▶

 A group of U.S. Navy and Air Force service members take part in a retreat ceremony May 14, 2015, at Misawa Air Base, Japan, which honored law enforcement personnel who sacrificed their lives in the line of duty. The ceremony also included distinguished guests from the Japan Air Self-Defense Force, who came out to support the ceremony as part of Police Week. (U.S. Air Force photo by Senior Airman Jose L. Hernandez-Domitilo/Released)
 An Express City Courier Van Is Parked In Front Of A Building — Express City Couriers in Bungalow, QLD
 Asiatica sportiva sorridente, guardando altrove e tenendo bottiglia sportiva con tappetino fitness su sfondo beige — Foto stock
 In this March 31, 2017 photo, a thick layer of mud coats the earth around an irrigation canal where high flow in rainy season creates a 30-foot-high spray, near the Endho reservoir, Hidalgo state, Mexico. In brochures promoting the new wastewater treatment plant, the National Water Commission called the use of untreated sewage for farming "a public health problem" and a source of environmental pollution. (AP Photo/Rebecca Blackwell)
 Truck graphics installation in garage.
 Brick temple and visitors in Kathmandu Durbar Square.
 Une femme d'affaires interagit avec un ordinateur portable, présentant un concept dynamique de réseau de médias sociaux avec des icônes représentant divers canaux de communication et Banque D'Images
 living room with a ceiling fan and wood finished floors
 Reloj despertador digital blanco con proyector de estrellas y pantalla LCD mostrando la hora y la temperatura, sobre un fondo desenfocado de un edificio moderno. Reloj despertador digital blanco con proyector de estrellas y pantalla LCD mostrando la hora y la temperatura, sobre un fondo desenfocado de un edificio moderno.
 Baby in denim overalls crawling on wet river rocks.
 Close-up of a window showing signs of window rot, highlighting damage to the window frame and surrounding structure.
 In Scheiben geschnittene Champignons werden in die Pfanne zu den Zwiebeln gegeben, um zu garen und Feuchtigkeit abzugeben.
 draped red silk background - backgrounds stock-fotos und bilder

◀

### [To do]
The entries above hold a line with "An Express City" and a later line with "Asiatica sportiva sorridente, guardando". Write out exactly those lines and all lines between, nothing more.

### [Task response]
 An Express City Courier Van Is Parked In Front Of A Building — Express City Couriers in Bungalow, QLD
 Asiatica sportiva sorridente, guardando altrove e tenendo bottiglia sportiva con tappetino fitness su sfondo beige — Foto stock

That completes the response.